As if Covid-19 were not enough to worry about, now comes monkeypox.
For pandemic-fatigued Filipinos, it comes across as another point of concern, especially because it causes flu-like symptoms as well as horrendous-looking rashes that can spread across the body and form large blisters filled with white pus-like fluid.
It does looks biblical, like something Moses brought down on the Egyptians.
But experts such as Sylvie Briand, epidemic and pandemic preparedness and prevention chief of the World Health Organization (WHO), are not panicking over monkeypox. They say there’s no good reason for people to be particularly worried about the virus that has been circulating for decades in certain places such as parts of west and central Africa (including the Democratic Republic of the Congo, Nigeria and Cameroon), where outbreaks are quickly controlled and attract little attention.
Dr. Rebecca Castillo, an infectious-disease specialist at Adventist Medical Center Manila, is likewise not overly worried. “While [the Philippines] should be on the lookout, it’s not a cause for serious alarm. So far, no case of monkeypox has been reported here,” she says.
The WHO was alerted early in May when cases of monkeypox were reported in Europe, North America, and Australia, and later in South America and the Middle East—places where, for years, the usually mild viral disease was seldom or never seen.
According to the WHO, there are now more than 600 cases of monkeypox in dozens of countries (Spain, Portugal and the United Kingdom are the most affected) where the virus is not normally found.
Bite or touch
The monkeypox virus belongs to the same family as the virus that causes smallpox, which was declared eradicated in 1980 by the World Health Assembly. But monkeypox is not the same as smallpox, and it does not have the same capacity for rapid human-to-human transmission.
One can become sick with Covid-19 through the airborne transmission of the coronavirus. On the other hand, one can catch monkeypox from a bite by an infected animal, or by touching its blood, body fluids or fur and then touching one’s eyes, nose or mouth.
It’s thought to be spread by rodents such as rats, mice and squirrels.
Castillo says it’s very unusual to catch monkeypox from another human because it does not spread easily between people. However, it is possible to contract the disease by touching the clothing, bedding, or towels used by someone with the monkeypox rash. One can also catch it by touching an infected person’s skin blisters or scabs, or getting too close to that person’s coughs and sneezes.

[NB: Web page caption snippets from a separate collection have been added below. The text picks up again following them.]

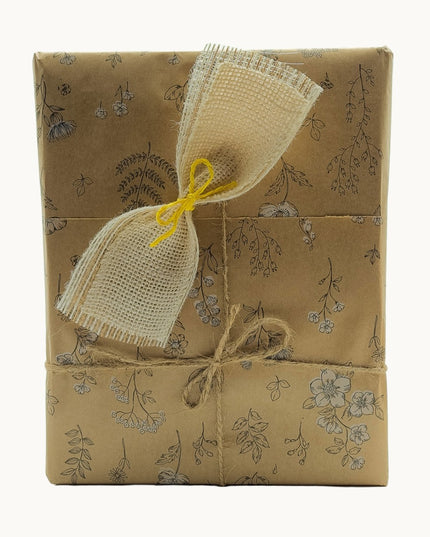 Caja de regalo de productos artesanales gallegos, envuelta en papel Kraft y con un lazo rústico.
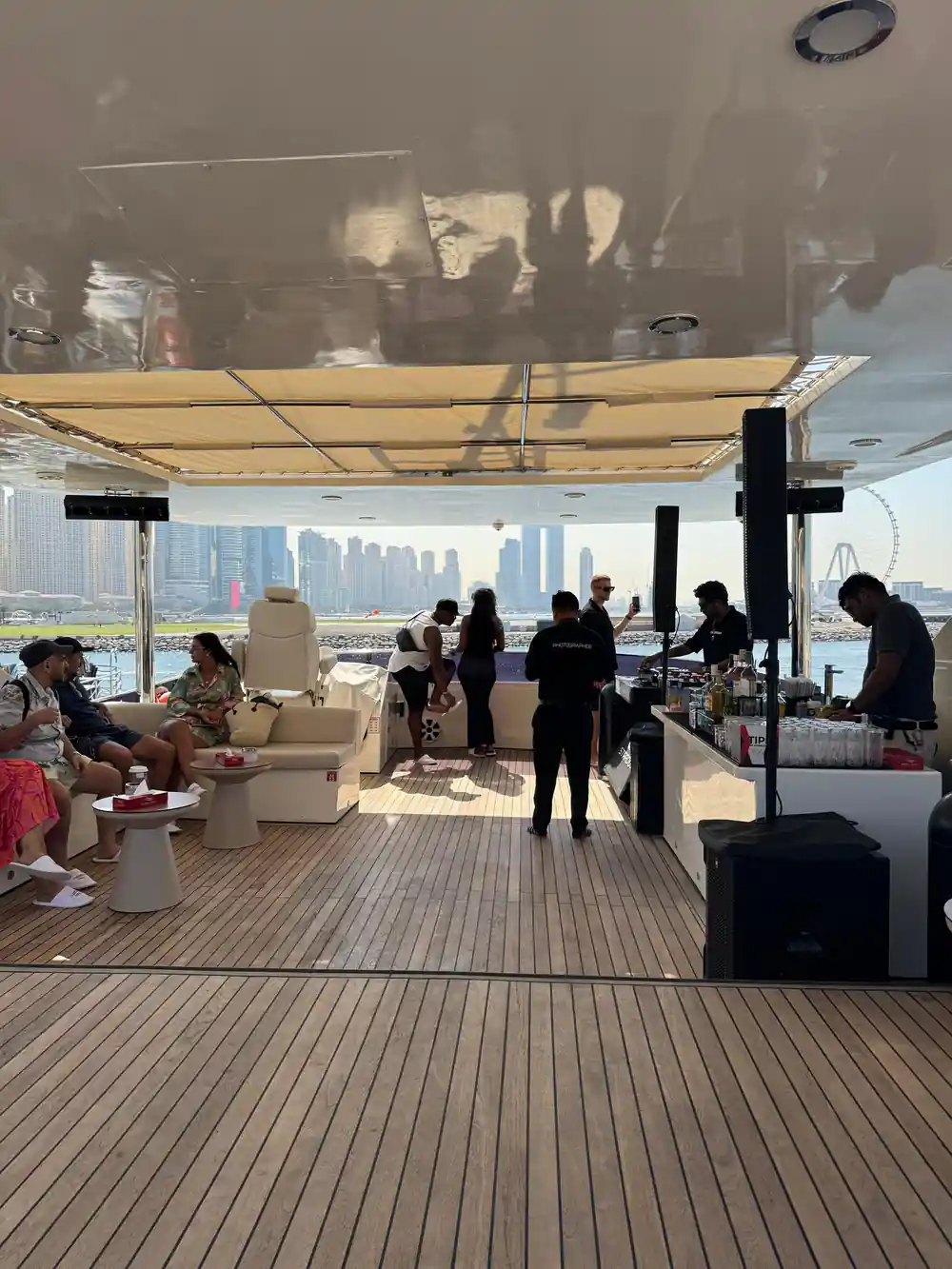 The shaded upper deck with seating and guests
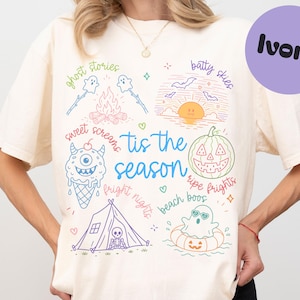 May include: An ivory t-shirt featuring a colorful graphic print with the text 'tis the season' in the center. The design includes illustrations of a campfire, ghosts, a sunset with bats, a monster ice cream cone, a jack-o'-lantern, and a tent.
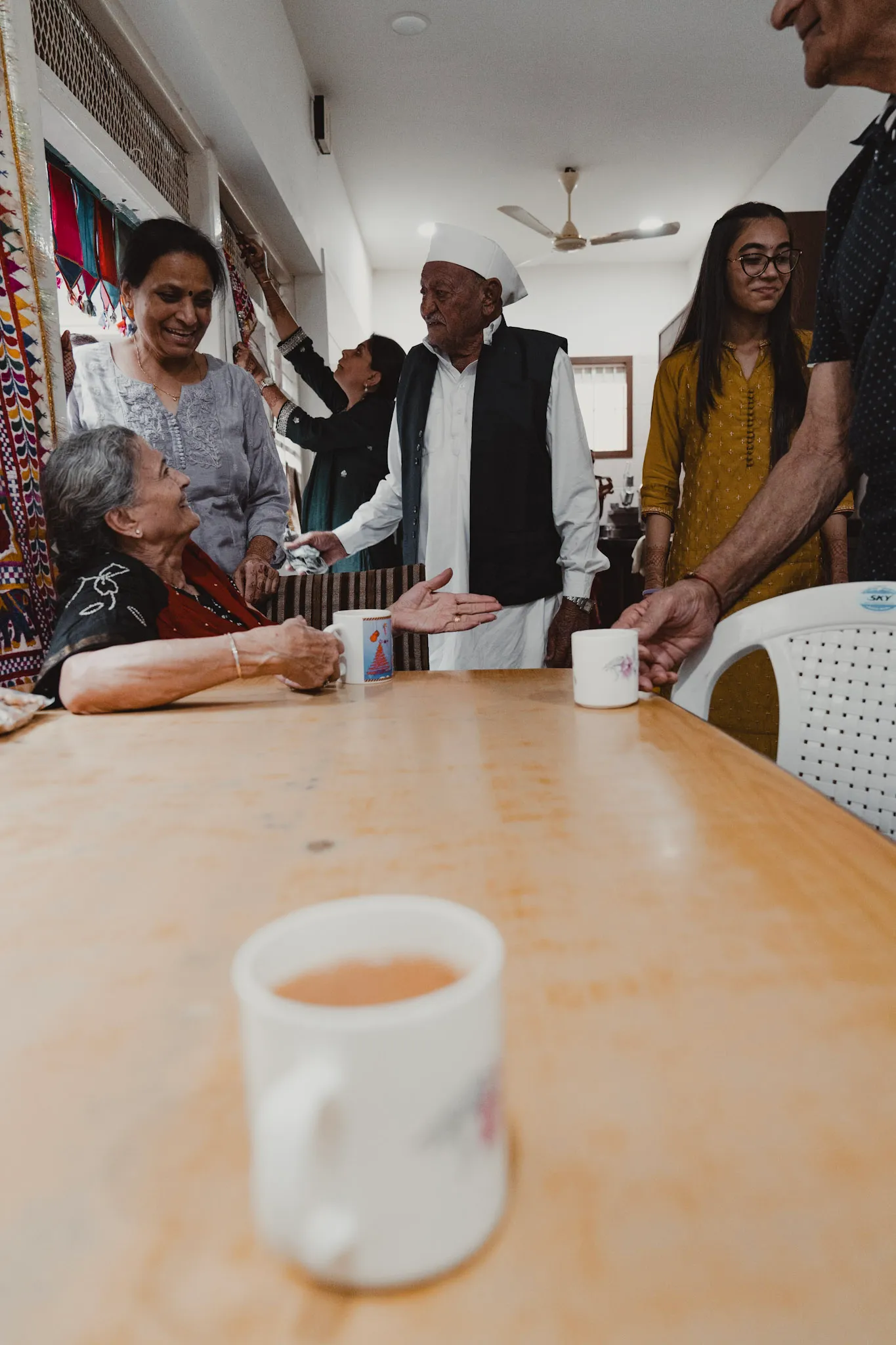 Family gathered around a table with cups of tea.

Unlike the coronavirus, “the monkeypox virus mutates much more slowly,” says Castillo. “It’s possible, but purely speculative at the moment.”
Moreover, monkeypox rarely causes severe outcomes. The WHO’s studies in central Africa, where people have less access to quality health care, show that the disease kills one in 10 infected people, with the rest recovering within a few weeks.
Monkeypox’s initial symptoms include a very prominent fever, body aches and pains, headache, and fatigue. However, because it always has a long incubation period—traditionally a week but can take up to 21 days—these symptoms do not immediately show up after one is infected.
As the body fights the symptoms, there will be enlarged lymph nodes. A rash may soon appear and often start on the face including the mouth area, which then progresses to the limbs and other parts of the body including the genitals. Soon the rash turns into raised bumps and then to painful pus-filled red papules.
From the appearance of the rash and up to the development of scabs and scars, the patient is regarded as contagious and therefore advised to avoid close contact with others to limit and prevent spread of the disease.
There is no specific vaccine yet for monkeypox. Castillo says those vaccinated for smallpox “have been shown to have some degree of protection” considering that the two viruses are closely related.
“But the protection is not 100 percent,” she points out.
Unfortunately, smallpox vaccines have not been given out to the general public since 1980, when the disease was declared eradicated. Thus, any “cross-protective” immunity from smallpox vaccines would be limited to older people.
The Philippines’ current supply of smallpox vaccines is used primarily by laboratory workers.
“Should one get infected, treatment is mainly supportive,” says Castillo. “Antiviral drugs like tecovirimat are being used in other countries in a strictly regulated manner. Vaccinia immune globulin is used in severe cases. Unfortunately, these are probably not available yet in the Philippines.”